• The Exploding Metropolis on Amazon—there are several versions; most likely you can buy one very inexpensively.
I'm blogging and reviewing the original © 1958 that has been in my library close to forever but I'm posting my review with the 1993 revision.
A group of "Editors of Fortune" magazine at the time, William H. Whyte, Jane Jacobs, Francis Bello, Seymour Freedgood, and Daniel Seligman considered essential elements of urban design and pondered their effects on city dwellers and urban workers. The book's working definition of city simply is the area within the city limits (viii); almost needless to say, "metropolis" indicates the functional and statistical area or areas geographically beyond yet contiguous to the named incorporated entity.

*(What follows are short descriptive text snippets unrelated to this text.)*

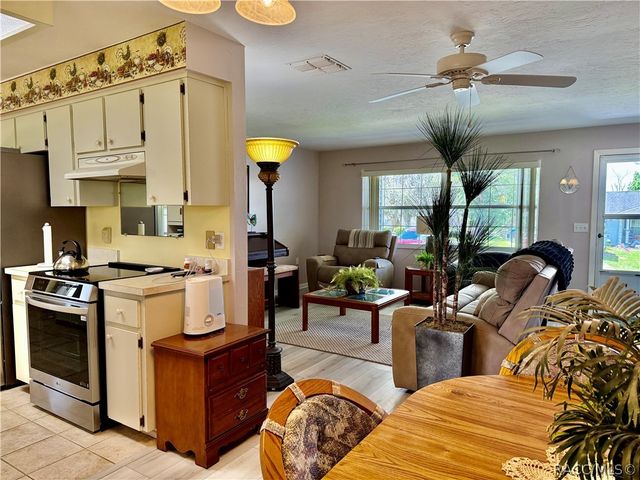 273 W Casurina Place, Beverly Hills, FL 34465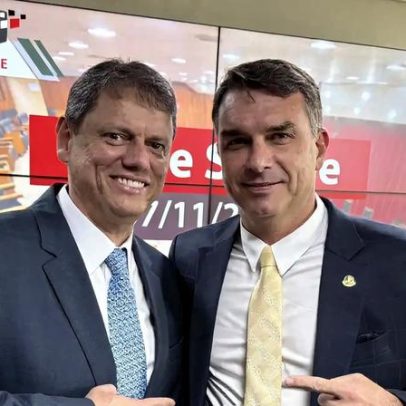 Tarcísio de Freitas afirma que Flávio Bolsonaro pode vencer Lula no 1º turno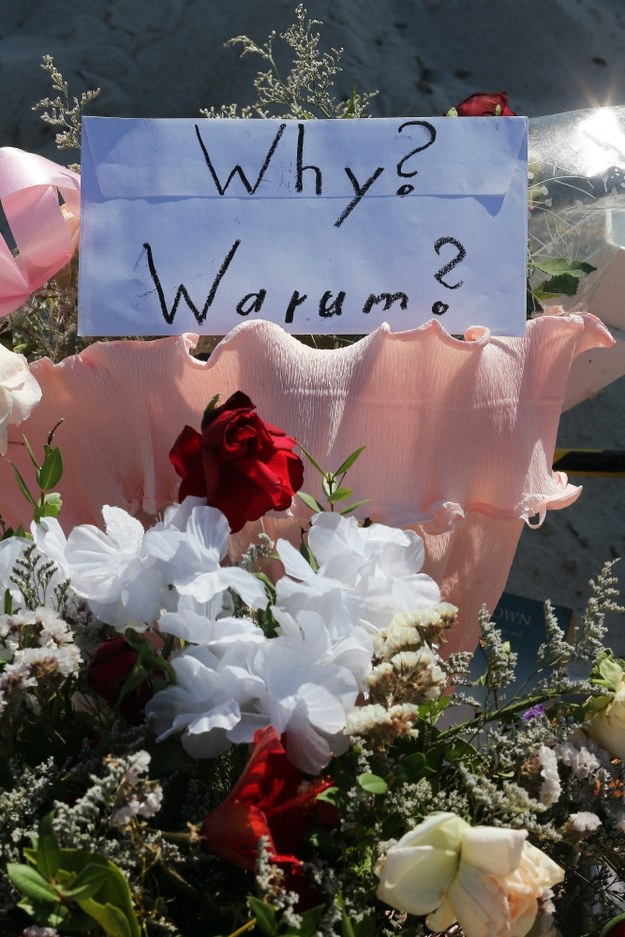 Kwiaty i kartka z napisem: "Dlaczego?", pozostawione w hołdzie ofiarom zamachu przed hotelem Imperial Marhaba w Susie /MOHAMED MESSARA /PAP/EPA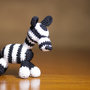 Zebra bianca e nera realizzata all'uncinetto con la tecnica amigurumi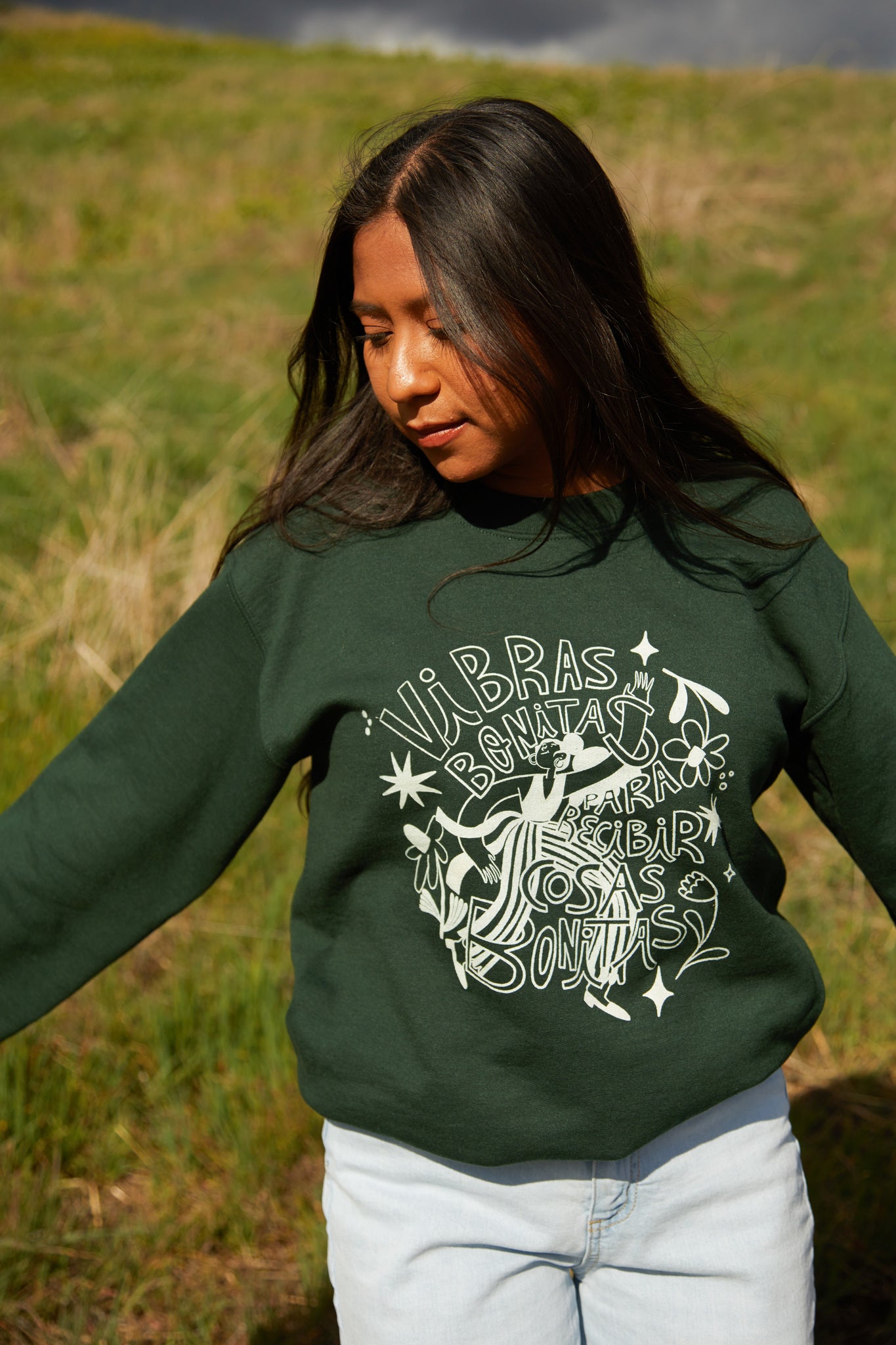 Vibras Bonitas Hunter Green Sweatshirt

Exploding sounds like unanticipated, sudden, randomness; if the authors knew they'd seen a lot of that from the mid-20th century up to the time they put this book together, they hadn't seen anything yet, though each of them accurately describes the unexpected, often distressingly unattractive results of urban growth and sprawl—even in some cases of planned change and development. In terms of explosive, the schematic "classic case of sprawl" (on page 119) in Santa Clara County, California from 1945 to 1956 is instructive.
Chapter topics of Are Cities Un-American?; The City and the Car; New Strength in City Hall; The Enduring Slums; Urban Sprawl; and Downtown Is for People add up to Urban Studies 101 as the authors explore existing infrastructural and superstructural configurations in a dozen established USA population centers (along with a couple of references to Toronto, Ontario, Canada), assess ideas in progress and process, and propose future arrangements that might work in terms of "how to live in cities," the central thesis of The Exploding Metropolis.
This book now is more than a half-century old, but ever since humans began moving from hunter-gathering into settlements, they've had to figure out the best relationships between living space and working space and the most convenient ways to get back and forth from one to the other; planning and implementing the most pleasing, amenable, visual layouts alongside the practical became close to essential.
Jane Jacobs especially emphasizes "working streets," and advises us to walk, walk, walk, in order to feel and learn how the city all comes together.
Whether discussing clearing and developing land, rehabilitating and rebuilding on an existing site, different styles of city government, housing authorities, port authorities, water works or watersheds, every one of the contributors comes back to human scale and human functionality again and again, making The Exploding Metropolis both basic and classic.